_Work instructions_
The whole listing needs retyping exactly; keep the pictures out of it.

_Data shown_
_ _ _ _
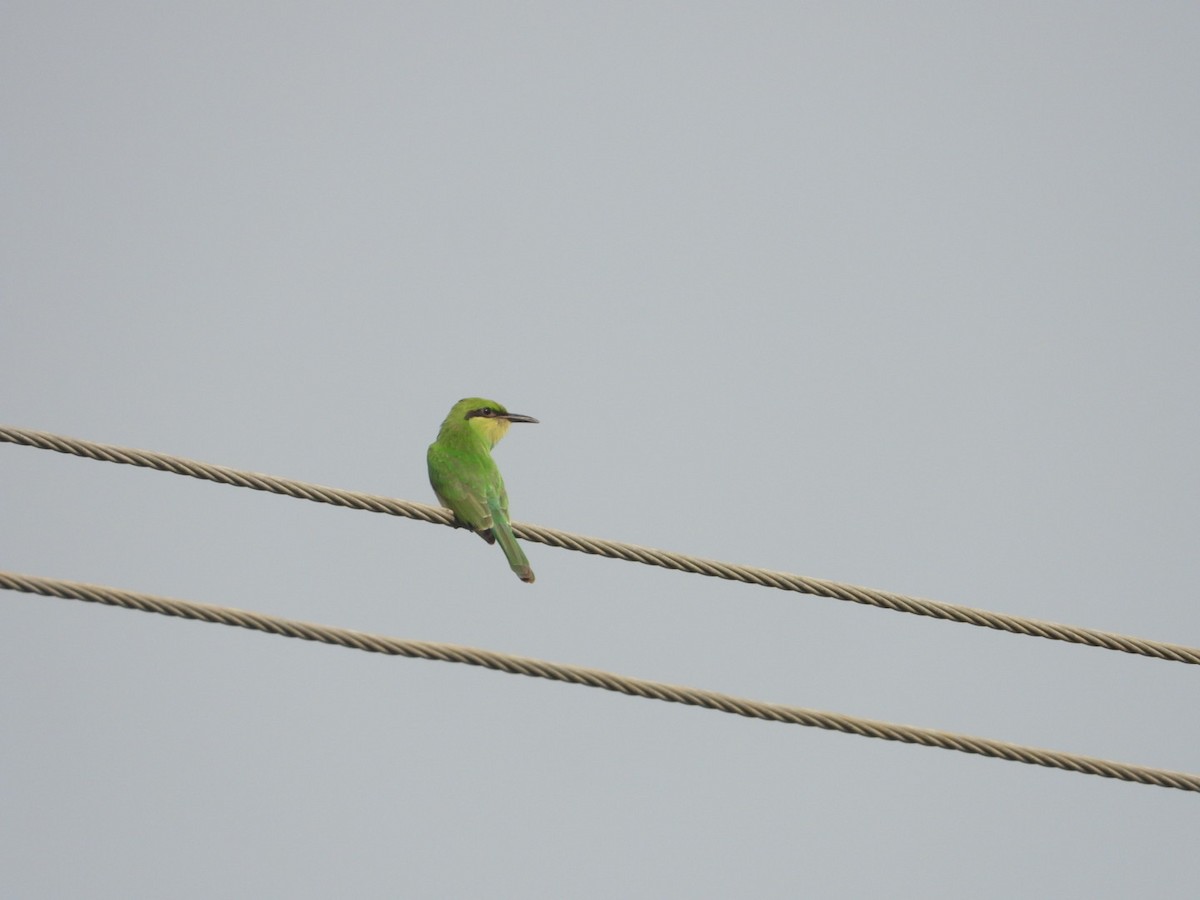 Asian Green Bee-eater - ML620165538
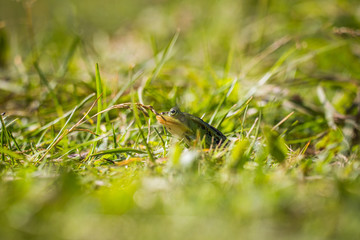 A beautiful common green water frog enjoying sunbathing in a natural habitat at the forest pond. Wild amphibian.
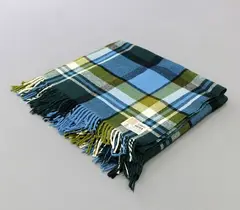 Travel Rug by Kaiapoi Huia, in a turquoise, green, olive, black and white tartan design, sold Dec 2020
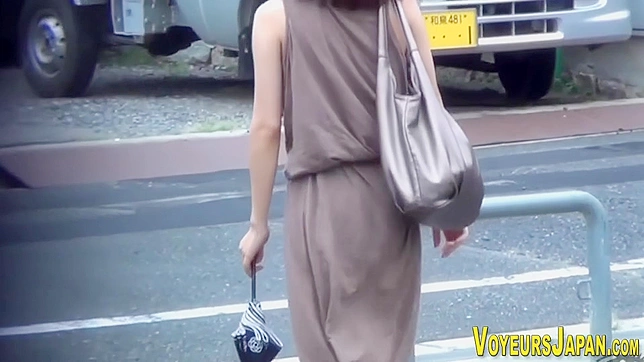 释放欲望，享受这些迷人的亚洲蓓蕾！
_ _ _ _
_Response to this exercise_
 Asian Green Bee-eater - ML620165538
 A beautiful common green water frog enjoying sunbathing in a natural habitat at the forest pond. Wild amphibian.
 Travel Rug by Kaiapoi Huia, in a turquoise, green, olive, black and white tartan design, sold Dec 2020
 释放欲望，享受这些迷人的亚洲蓓蕾！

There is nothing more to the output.